# Union Custom House



## stan_darsh (Mar 10, 2013)

those are wicked


----------



## CERBERUS.lucid (Oct 17, 2013)

Sweet work union!!!


----------



## bseracka (Nov 14, 2011)

I like 'em


----------



## UNION INHOUSE (Nov 13, 2012)

*Scott Stevens Pro Model by Union Custom House*

Next up - The Scott Stevens Pro Model. :bowdown:

Info on where to buy is listed in the video description. 

https://vimeo.com/78213103


----------



## UNION INHOUSE (Nov 13, 2012)

*Jamie lynn is a legend!!*

VAN'S 20TH ANNIVERSARY

https://vimeo.com/78260262


----------



## UNION INHOUSE (Nov 13, 2012)

And here's an image of the binding.


----------



## Argo (Feb 25, 2010)

This line of bindings looks amazing


----------



## SinkHole (Apr 26, 2012)

I really like those Vans binders and the Baldface ones as well.


----------



## BigmountainVMD (Oct 9, 2011)

Any info on where we can pick up the Asymbol collaboration?
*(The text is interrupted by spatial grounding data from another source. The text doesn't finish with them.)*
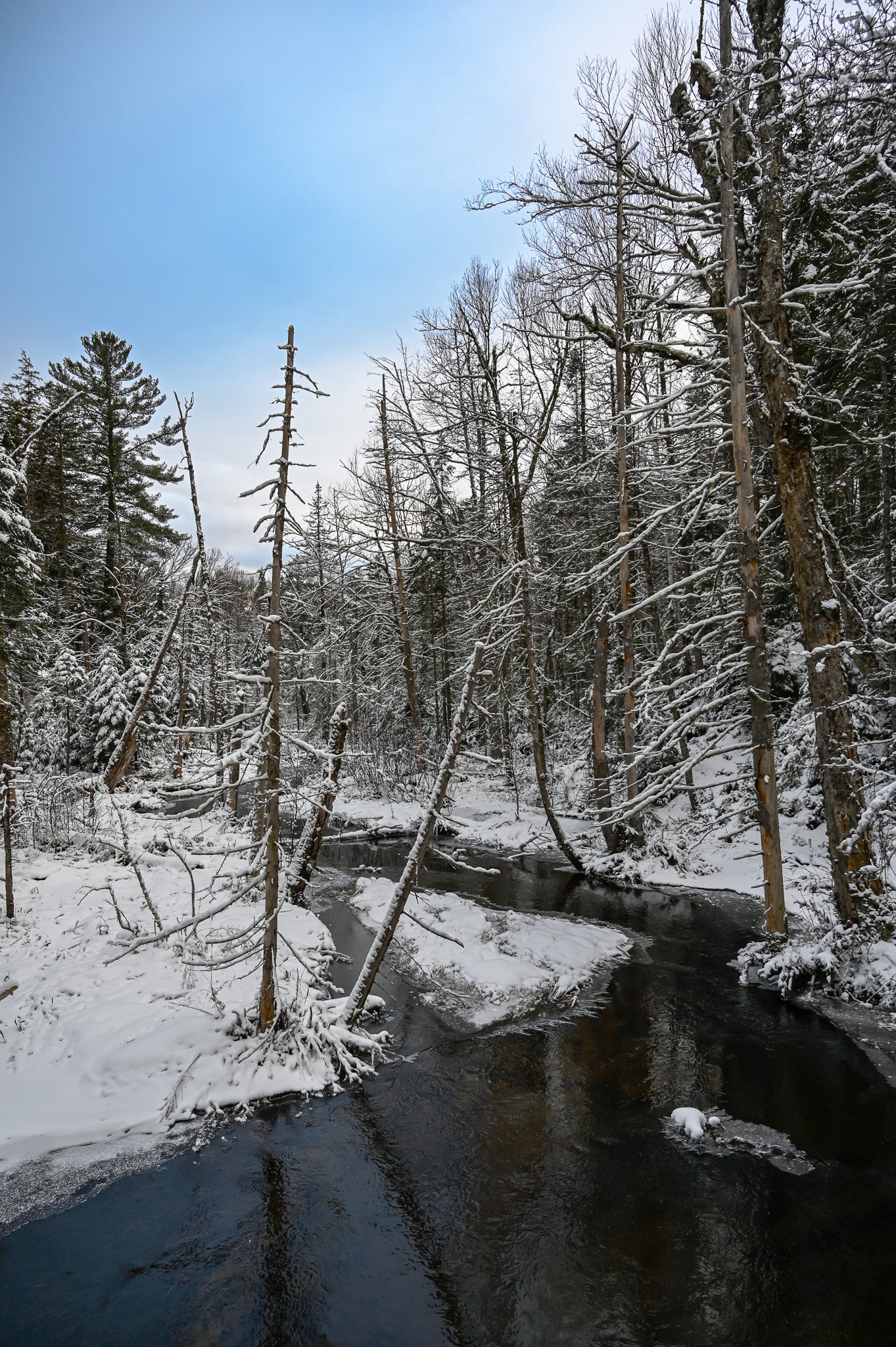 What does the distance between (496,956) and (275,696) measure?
18.7ft

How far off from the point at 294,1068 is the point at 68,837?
1084cm

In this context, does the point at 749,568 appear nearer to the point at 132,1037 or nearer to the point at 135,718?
the point at 132,1037

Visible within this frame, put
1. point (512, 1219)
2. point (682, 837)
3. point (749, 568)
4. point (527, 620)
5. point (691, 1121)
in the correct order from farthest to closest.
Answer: point (527, 620) → point (682, 837) → point (749, 568) → point (691, 1121) → point (512, 1219)

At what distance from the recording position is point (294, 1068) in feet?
22.8

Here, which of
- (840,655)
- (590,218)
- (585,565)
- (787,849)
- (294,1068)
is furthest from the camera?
(585,565)

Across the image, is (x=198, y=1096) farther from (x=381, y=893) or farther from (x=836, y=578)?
(x=836, y=578)

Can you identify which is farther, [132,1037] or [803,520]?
[803,520]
Also just contacted Backcountry and they claimed that they will not be carrying the Custom House line...


----------



## CERBERUS.lucid (Oct 17, 2013)

BigmountainVMD said:


> Any info on where we can pick up the Asymbol collaboration?
> 
> Also just contacted Backcountry and they claimed that they will not be carrying the Custom House line...


TACTICS.com, I jes scooped me up a set...


----------



## CERBERUS.lucid (Oct 17, 2013)

Custom Haus


----------



## CERBERUS.lucid (Oct 17, 2013)

UNION INHOUSE said:


> VAN'S 20TH ANNIVERSARY
> 
> https://vimeo.com/78260262


DAyyyummm... those are sick!:thumbsup:


----------



## bseracka (Nov 14, 2011)

Hey Union what's the difference between the atlas 3 and force 4 baseplate? It seems like this is the only difference in these bindings, correct?


----------



## jdang307 (Feb 6, 2011)

UNION INHOUSE said:


> Next up - The Scott Stevens Pro Model. :bowdown:
> 
> Info on where to buy is listed in the video description.
> 
> https://vimeo.com/78213103


These look sick! Can you describe the flex/board match? Sounds pretty soft though right? Judging by Steven's style (and contact description)


----------



## Jibfreak (Jul 16, 2009)

Killin it over there Horhey! Bring back those Iuter clan collabos!!


----------



## UNION INHOUSE (Nov 13, 2012)

bseracka said:


> Hey Union what's the difference between the atlas 3 and force 4 baseplate? It seems like this is the only difference in these bindings, correct?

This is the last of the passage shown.